The following child-dream, not quite understandable at first sight, is nothing else than a wish realized. On account of poliomyelitis a girl, not quite four years of age, was brought from the country into town, and remained over night with a childless aunt in a big—for her, naturally, huge—bed. The next morning she stated that she had dreamt that the bed was much too small for her, so that she could find no place in it. To explain this dream as a wish is easy when we remember that to be “big” is a frequently expressed wish of all children. The bigness of the bed reminded Miss Little-Would-be-Big only too forcibly of her smallness. This nasty situation became righted in her dream, and she grew so big that the bed now became too small for her.
Even when children’s dreams are complicated and polished, their comprehension as a realization of desire is fairly evident. A boy of eight dreamt that he was being driven with Achilles in a war-chariot, guided by Diomedes. The day before he was assiduously reading about great heroes. It is easy to show that he took these heroes as his models, and regretted that he was not living in those days.
From this short collection a further characteristic of the dreams of children is manifest—their connection with the life of the day. The desires which are realized in these dreams are left over from the day or, as a rule, the day previous, and the feeling has become intently emphasized and fixed during the day thoughts. Accidental and indifferent matters, or what must appear so to the child, find no acceptance in the contents of the dream.
Innumerable instances of such dreams of the infantile type can be found among adults also, but, as mentioned, these are mostly exactly like the manifest content. Thus, a random selection of persons will generally respond to thirst at night-time with a dream about drinking, thus striving to get rid of the sensation and to let sleep continue. Many persons frequently have these comforting dreams before waking, just when they are called. They then dream that they are already up, that they are washing, or already in school, at the office, etc., where they ought to be at a given time.
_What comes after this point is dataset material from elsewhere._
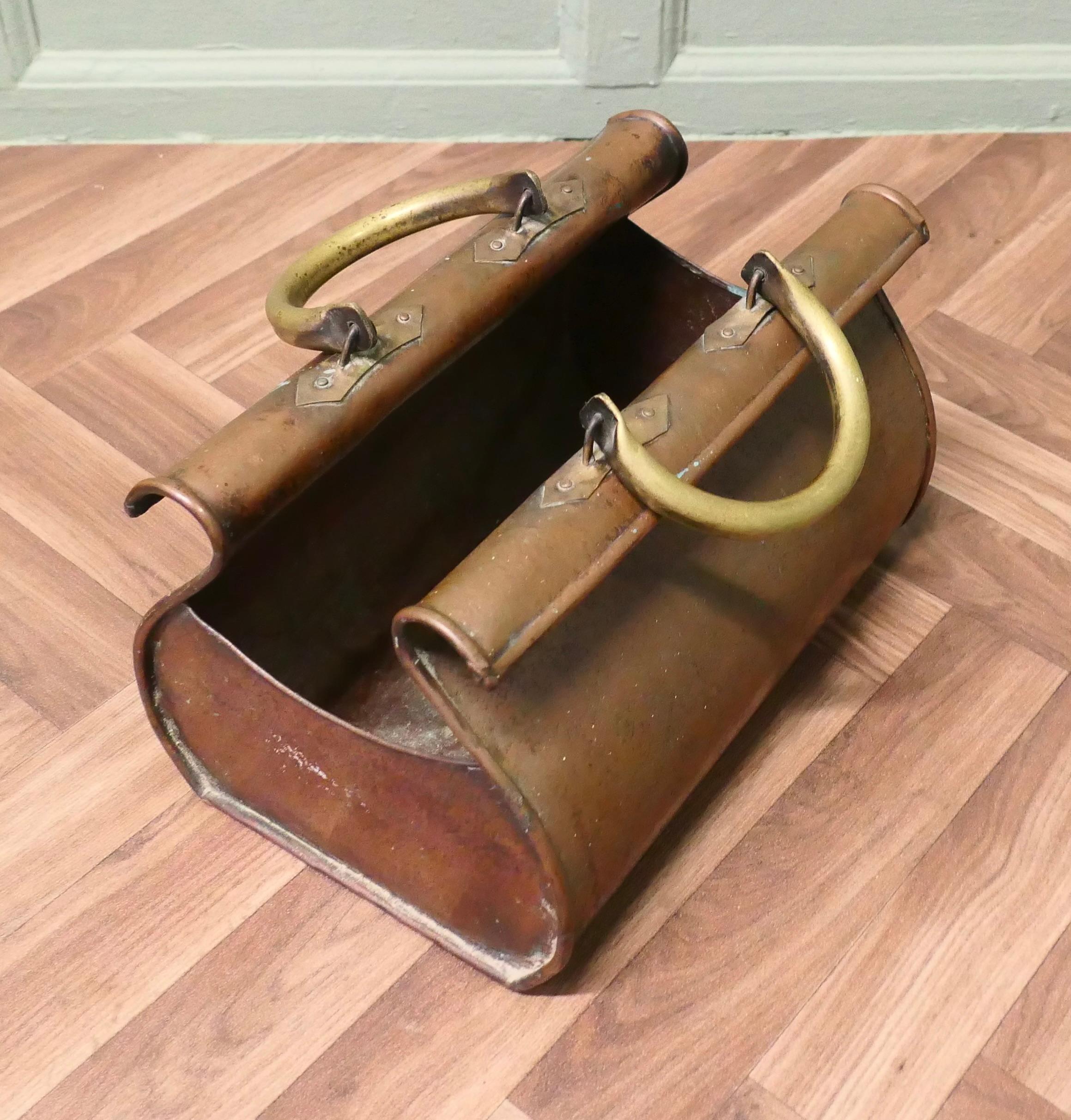 Rame Borsa Gladstone in rame, fioriera di Arts and Crafts Un pezzo super artigianale in vendita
The night before an intended journey one not infrequently dreams that one has already arrived at the destination; before going to a play or to a party the dream not infrequently anticipates, in impatience, as it were, the expected pleasure. At other times the dream expresses the realization of the desire somewhat indirectly; some connection, some sequel must be known—the first step towards recognizing the desire. Thus, when a husband related to me the dream of his young wife, that her monthly period had begun, I had to bethink myself that the young wife would have expected a pregnancy if the period had been absent. The dream is then a sign of pregnancy. Its meaning is that it shows the wish realized that pregnancy should not occur just yet. Under unusual and extreme circumstances, these dreams of the infantile type become very frequent. The leader of a polar expedition tells us, for instance, that during the wintering amid the ice the crew, with their monotonous diet and slight rations, dreamt regularly, like children, of fine meals, of mountains of tobacco, and of home.